Ex-Pats LB: 'I don't want to place blame anywhere'

Ted Johnson, the former NFL linebacker now dealing with memory loss and depression he says is related to repeated concussions during his career, said Friday he is scared, anxious and worried about his future during an interview with ESPN.

Johnson, now 34, said last week that he began having memory problems after sustaining two concussions in four days in 2002 -- one in an exhibition game, one in practice. He blamed the New England Patriots, and head coach Bill Belichick, for having him practice against the advice of team trainers.

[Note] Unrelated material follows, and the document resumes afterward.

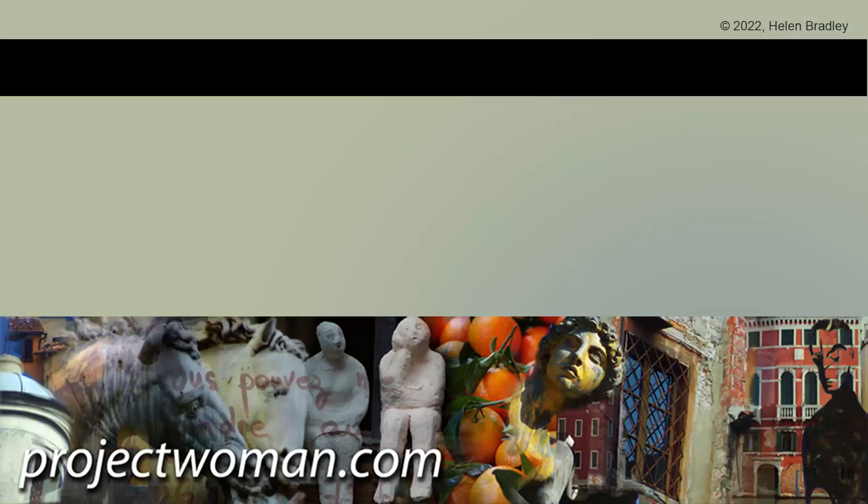I hope this video has been of help to you. I hope that you've learned something about Illustrator of which you were previously unaware. If you did enjoy the video, please give it a thumbs up. Hit the subscribe button and the notification bell and you'll be alerted when new videos are released. Until next time, my name's Helen Bradley. Thank you so much for joining me here on my YouTube channel.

Friday, he gave his first television interview since the initial series of reports, saying: "I don't want to place blame anywhere. It probably could all go around to a little bit of everybody. I can't honestly sit here and say Bill Belichick knew what second-impact syndrome was."

Johnson played in the NFL for 10 seasons. He told The Boston Globe that in a September 2002 meeting, he told Belichick: "You played God with my health. You knew I shouldn't have been cleared to play."

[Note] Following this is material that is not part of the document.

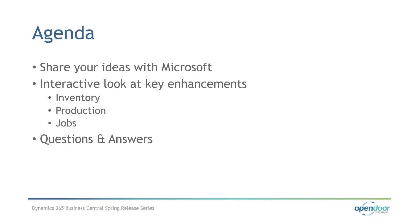Good afternoon, everybody. Welcome to this webinar. My name is Marie Soleil. I am the presenter today.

Belichick told the Globe he hadn't realized at the time that Johnson was hesitant about participating in the full-contact drill.

He said he spoke up now because of a story he read about Andre Waters, a former NFL defensive back who shot himself to death in November. A New York Times story earlier this year quoted a noted forensic pathologist who studied Waters' brain tissue and determined that it resembled that of an 85-year-old man with Alzheimer's disease, likely the result of multiple concussions suffered during Waters' career.

"I read the Andrew Waters story," Johnson told ESPN's Wendy Nix in an interview shown on "Outside The Lines." "I said enough's enough. I need to tell the story. I may take a shot. I may take a hit. I was a pretty damn good linebacker. I was known for my physical play. I'm not worried about what people are going to say."

Johnson, who retired from the NFL in 2005, is showing early signs of Alzheimer's, according to his current neurologist, Dr. Robert Cantu. Cantu told The New York Times that these are "rather classic post-concussion symptoms. ... They are most likely permanent."

Johnson said he is worried about his future.

"Right now, I would probably describe it as a little scary, a little unsure," he told ESPN. "Lot of anxiety. Lot of disappointment. Shame."